Regular newspaper coverage of events in the Potteries only really started at the end of the 18th century with the advent in 1795 of the Staffordshire Advertiser paper, though as this was published in Stafford, it's coverage of the goings on in the north of the county was limited to the most noteworthy events. Another half century would pass before more local newspapers were being produced in Hanley, Stoke and Burslem. However, histories, travellers journals and some other national or regional papers occasionally carried tales from the Potteries from this early period giving us fleeting glimpses into life in the area.

* * * * *

The King's Touch

It was widely believed in the past that the King's touch could heal certain ailments. To this end on 29 August 1687, the minister and churchwardens of Stoke-upon-Trent gave John Bell of Cobridge a sealed certificate whereby he could obtain the King's sacred touch for his son Samuel Bell, who suffered from 'the King's Evil' i.e. scrofula. 

(John Ward, The History of the Borough of Stoke-upon-Trent, p.281)

John Wesley is Pelted in the Potteries 

On 8 March 1760, the Reverend John Wesley, the founding father of Methodism, visited Burslem for the first of many visits to the region. He described Burslem as 'a scattered town, on the top of a hill, inhabited almost entirely by potters', a large crowd of whom had gathered to hear him at five in the evening. He noted that great attention sat on every face, but also great ignorance which he hoped he could banish. 

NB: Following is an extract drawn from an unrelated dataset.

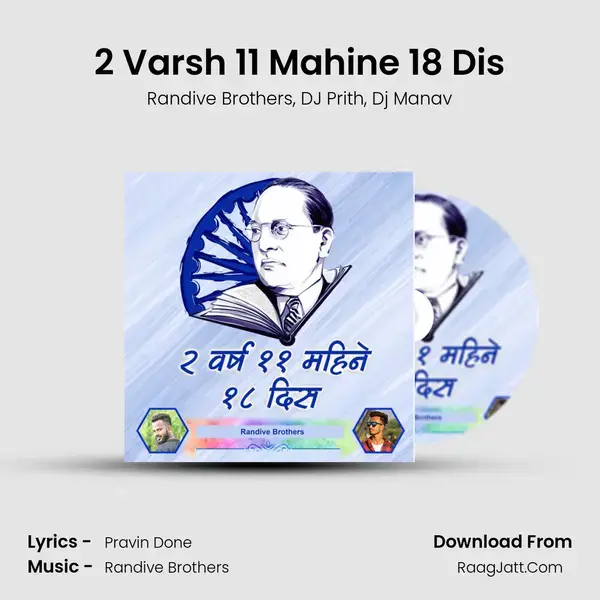 2 Varsh 11 Mahine 18 Dis mp3 song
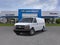 2025 Chevrolet Express Cargo 3500 WT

The next day Wesley preached a second sermon in Burslem to twice the number of the day before. 'Some of these seemed quite innocent of thought. Five or six were laughing and talking till I had near done; and one of them threw a clod of earth, which struck me on the side of the head. But it neither disturbed me nor the congregation.' 

(John Wesley, Journal, 8-9th March 1760)


The First Cut

After receiving the royal assent two months earlier for construction of a canal connecting the rivers Trent and Mersey, on the morning of 26 July 1766, at a site just below Brownhills, pottery manufacturer Josiah Wedgwood cut the first sod of what would in time become the Trent and Mersey canal. James Brindley, the engineer who would oversee the canal's construction, and numerous other dignitaries were present, many of whom would also cut a piece of turf, or wheel away a barrow of earth to mark the occasion. In the afternoon a sheep was roasted in Burslem market place for the benefit of the poorer potters in the town. A bonfire was also lit in front of Wedgwood's house and many other events took place around the Potteries by way of celebration. 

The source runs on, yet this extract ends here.